2 Minute Medicine Rewind August 2, 2021

Safety Evaluation of the Second Dose of Messenger RNA COVID-19 Vaccines in Patients With Immediate Reactions to the First Dose

1. Allergic reactions and anaphylaxis following first dose of mRNA COVID-19 vaccines were not associated with immediate, adverse reactions following second dose.

2. Antihistamine premedication may further mitigate risk of allergic reactions.

Evidence Rating Level: 2 (Good)

After several months of messenger RNA (mRNA) COVID-19 vaccines being available in the US, allergic reactions have been reported in up to 2% of people. Anaphylaxis, on the other hand, has occurred in approximately 2.5 per 100,000 persons. This raises a question regarding safety of a second dose for those who had allergic reactions to the first dose, which would entail the two-dose regimen associated with Pfizer-BioNTech and Moderna vaccines. This multicenter, retrospective study at Brigham and Women’s Hospital, Massachusetts General Hospital, Yale School of Medicine, Vanderbilt University Medical Center, and University of Texas Southwestern Medical Center analyzed patient data from January 1, 2021 to March 31, 2021. Included patients were those with an immediate allergic reaction to a vaccine, defined as (1) symptoms within 4 hours of first dose; (2) at least 1 allergic symptom; and, (3) referral for an immunology/allergy consultation. Occurrences of anaphylaxis were scored using the Brighton and the National Institute of Allergy and Infectious Diseases/Food Allergy and Anaphylaxis Network criteria, one of which must have been met for anaphylaxis to be confirmed. Primary outcomes were related to tolerance of second vaccine dose, including no immediate symptoms or mild, transient symptoms resolved with antihistamines. A total of 189 patients experienced immediate reactions to dose one of the two possible vaccines and were included in this study (M [SD] age = 43 [14] years, 86% female). Of these, 69% reacted to the Moderna vaccine and 31% to the Pfizer-BioNTech vaccine. Reactions across vaccines were erythema (28%), lightheadedness or dizziness (26%), tingling (24%), tightness in throat (22%), hives (21%), and shortness of breath or wheezing (21%). A total of 17% met criteria for anaphylaxis. Of the 189 patients included, 84% received a second dose and 30% of these people were premedicated with antihistamine. All of these patients tolerated the second vaccine dose, including those who initially experienced anaphylaxis. Approximately 20% reported mild, transient symptoms that resolved with antihistamines. Overall, this study demonstrates that allergic reactions and anaphylaxis do not necessarily predict reactions to a second dose of the mRNA vaccines. Though this retrospective study is limited, potential risks can be mitigated with antihistamine premedication and careful monitoring immediately following vaccine dose.

 

Association of High Screen-Time Use With School-Age Cognitive, Executive Function, and Behavior Outcomes in Extremely Preterm Children

1. Increased computer and television screen time were associated with childhood declines in cognitive function among extremely preterm children.

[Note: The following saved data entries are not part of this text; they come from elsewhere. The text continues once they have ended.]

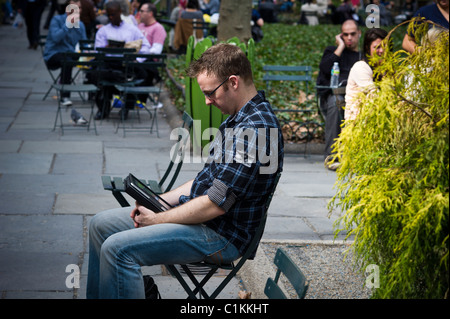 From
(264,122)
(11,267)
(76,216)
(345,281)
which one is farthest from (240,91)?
(76,216)

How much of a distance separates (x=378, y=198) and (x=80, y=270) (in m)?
2.52

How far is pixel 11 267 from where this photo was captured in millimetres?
4746

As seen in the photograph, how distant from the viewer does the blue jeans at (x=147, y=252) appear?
3297mm

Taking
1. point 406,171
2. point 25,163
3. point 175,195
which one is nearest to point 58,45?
point 25,163

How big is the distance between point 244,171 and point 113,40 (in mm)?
7842

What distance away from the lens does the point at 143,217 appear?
3.55 meters

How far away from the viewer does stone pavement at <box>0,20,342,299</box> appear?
15.5ft

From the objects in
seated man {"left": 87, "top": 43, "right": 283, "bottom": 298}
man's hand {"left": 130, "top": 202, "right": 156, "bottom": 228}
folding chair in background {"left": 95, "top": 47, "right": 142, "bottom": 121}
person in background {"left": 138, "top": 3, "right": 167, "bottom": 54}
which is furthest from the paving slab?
person in background {"left": 138, "top": 3, "right": 167, "bottom": 54}

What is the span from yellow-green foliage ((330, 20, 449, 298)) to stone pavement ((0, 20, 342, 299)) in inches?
62.2

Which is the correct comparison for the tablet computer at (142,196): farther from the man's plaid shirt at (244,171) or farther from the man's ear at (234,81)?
the man's ear at (234,81)

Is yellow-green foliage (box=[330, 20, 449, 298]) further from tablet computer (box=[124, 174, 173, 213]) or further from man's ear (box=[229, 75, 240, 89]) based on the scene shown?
tablet computer (box=[124, 174, 173, 213])

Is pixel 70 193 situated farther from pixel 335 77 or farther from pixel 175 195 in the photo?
pixel 335 77

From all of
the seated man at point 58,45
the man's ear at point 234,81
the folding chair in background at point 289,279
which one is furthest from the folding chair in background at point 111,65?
the folding chair in background at point 289,279

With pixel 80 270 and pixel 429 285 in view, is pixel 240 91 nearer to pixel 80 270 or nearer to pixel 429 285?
pixel 429 285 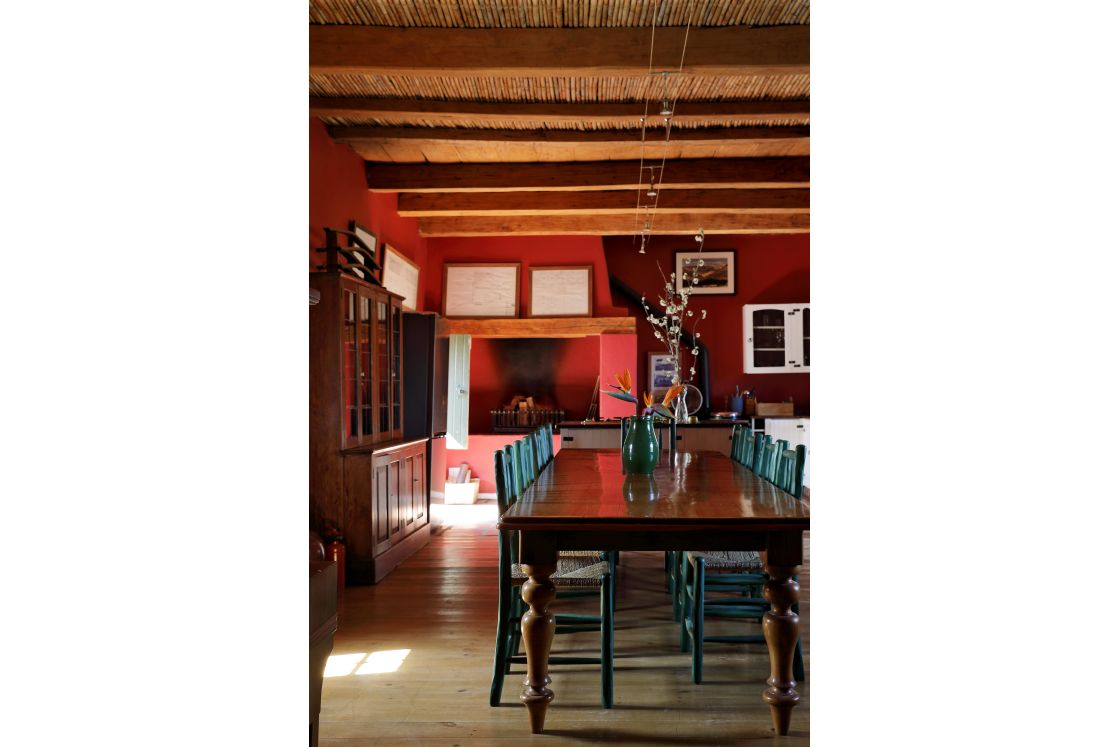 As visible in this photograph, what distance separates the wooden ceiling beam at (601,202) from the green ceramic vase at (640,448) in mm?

Evidence Rating Level: 2 (Good)

Developmental delays and childhood behavioral concerns are associated with preterm birth as well as increased television and computer screen time. The associations between these variables and childhood cognitive ability among extremely preterm children (EPT), however, are less understood. This secondary analysis of a cohort study of 414 EPT children evaluated between 2012 and 2016 sought to evaluated the relation between screen time and cognitive function among EPT children 6 to 7 years of age (45% female, M [SD] birth weight = 870.6 [191] g). Approximately 57% of EPT children had high screen time and 64% had a computer or television located in their bedrooms. All multivariable linear regression models were adjusted for study center, gestational age, male sex, and social determinants of health. High screen time was found to be independently associated with mean test score changes in full-scale IQ (M [SD] change = -3.92 [1.64], p = .02), metacognition (8.18 [3.01], p = .007), global executive function (7.49 [2.99], p = .01), inhibition (-.79 [.38), p = .03), and the Conners Parent Short-Form (Third Edition) inattention (3.32 [1.67], p = .047). Having a computer or television located in the bedroom was associated with an increase in impulsivity and hyperactivity (3.50 [1.75], p = .046), as well as inhibition (-.80, [.39], = .04). Overall, this study suggests that increased screen time negatively impacts cognitive function, particularly in the context of executive functions, among EPT children.

 

Association of Alcohol Consumption With Morbidity and Mortality in Patients With Cardiovascular Disease: Original Data and Meta-Analysis of 48,423 Men and Women

1. Mild-to-moderate alcohol consumption among those with cardiovascular disease does not appear to increase risk of mortality or future cardiovascular events.

2. Lower levels of alcohol consumption are associated with best outcomes.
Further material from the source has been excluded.